I Moved Back In With My Parents, And I’m Not Ashamed

Please, I beg of you, stop calling us lazy. We are quietly burrowing our way out of the deep ruts the recession carved into our economy.

After living independently for the past 11 years, I didn’t imagine moving to my parents’ basement as part of my dream trajectory.

As a little girl writing page after page in my unicorn and rainbow adorned diary, I vowed that I would leave my hometown of Bismarck, North Dakota, to become a writer in New York City. Although I decided New York City was not for me, I left home to live in Fargo and Portland until I recently migrated back.

My story is only one of the 22 million stories of young adults like me who have temporarily moved back in with their parents. Before I delve into the details of my individual situation, I must zoom out and look at the overall picture, the proverbial loom of this Boomerang Generation phenomenon.

At the peak of the recession from 2011 to 2014, many publications reported on members of the Millennial Generation who returned home after living independently, dubbing us the “Boomerang Generation.” Some members from other generations painted some rather unflattering profiles of us as indicated by article titles such as “5 Steps to Survive Your Adult Child’s Return Home,” via the Huffington Post, “How to Stay Sane When Adult Children Move Back Home,” in Forbes Finance, “It’s Official, the Boomerang Kids Won’t Leave,” courtesy the New York Times Magazine, and “The Price You Pay When Adult Children Move Back Home,” thanks to Fox Business.

These articles implied that members of my generation are lazy, entitled, financial and emotional burdens to our parents, and acquired massive student loan debt because of frivolous degrees in the arts and humanities that critics state do not teach practical career skills that provide stability. They perpetuated the stigma about moving home, attributing this Boomerang trend to individual failures and character flaws, rather than examining the complex economic, cultural, and educational factors that contributed to this trend. The Pew Research Center extensively studied this phenomenon in 2012, citing declining employment, rising college enrollment, declining marriage rates, high student loan debt, and high rent.

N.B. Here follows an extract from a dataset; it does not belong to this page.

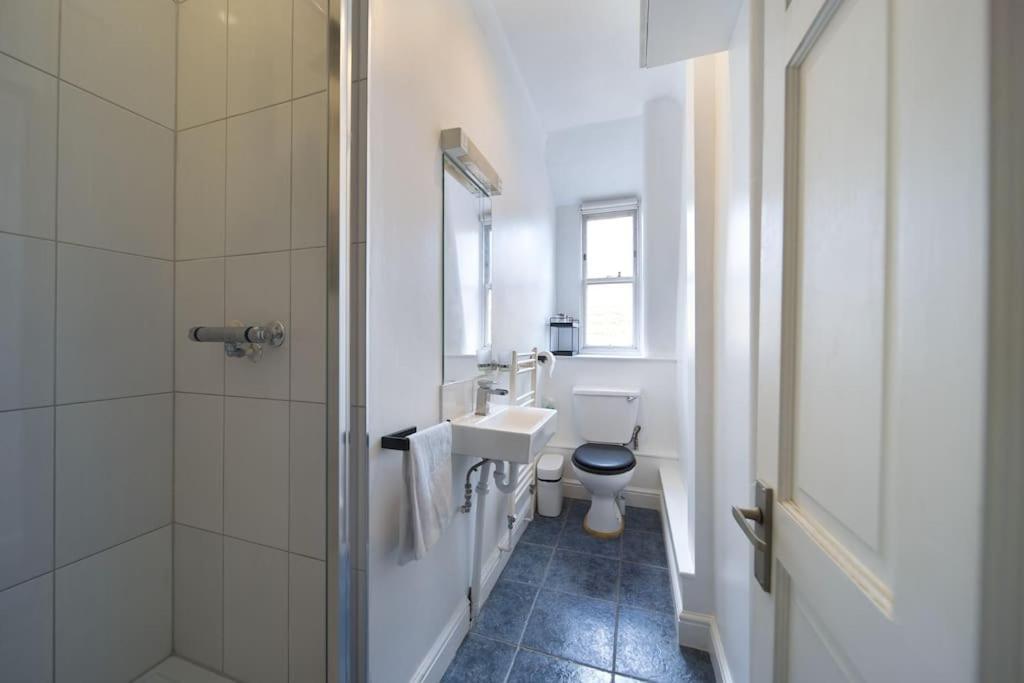 Top-floor Covent Garden Flat * Londen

Unfortunately these Pew study results still ring true four years later. The Boomerang Generation is not an “unfortunate but temporary blip,” as The New York Times Magazine stated. The Boomerang Generation is here to stay. Forbes recently reported that the Class of 2016 is the most indebted in history and that a college degree is no longer a guarantee of a good job.

I still see this economic trend playing out even in my home state of North Dakota, one of the only states that thrived during the recession. Many of my college friends work at jobs they are overqualified for in fields that are unrelated to their degrees. They are servers and bartenders to pay the bills while they search for the right full-time teaching job or to supplement their passion for art and music while they live in their parents’ basements. My classmates and acquaintances flocked to the oil patch of North Dakota in droves during the oil boom so they could make three or four times the salary they would make as police officers or social workers. When the oil boom started to bust, they returned home while they looked for permanent employment in poorly paid professions.

As a licensed social worker, I both understand and empathize with my peers who are making more money and paying off their bills by sweating it out in the service industry and oil fields, living with parents or friends. After all I am barely paid a living wage despite years of experience in the human service field, a license, good references, and college degrees. I worked hard and loved my job working with low-income people with HIV and AIDS in Portland, but I could not afford the climbing astronomical rent and high cost of living. I began looking at second jobs, but decided that additional work would add stress and take away time I could devote to writing, clearly not the answer to my financial conundrum.

“Do you think you’re just giving up on Portland by moving home?” several well-intentioned people asked me. At first I had to avert my gaze, I felt that middle-class, white societal stigma that moving in with your parents as an adult means you are weak and lazy. That moving home was getting trapped in the web of surrender. Surrender meant giving up, losing, and worst of all, failure. But upon returning and reflecting, I have discovered that surrender is not that simple, not that reductionist, not that black or white. Surrender is adapting and retracting my talons after clawing my way through navigating an unfamiliar, sometimes unwelcoming place while struggling with depression and panic attacks.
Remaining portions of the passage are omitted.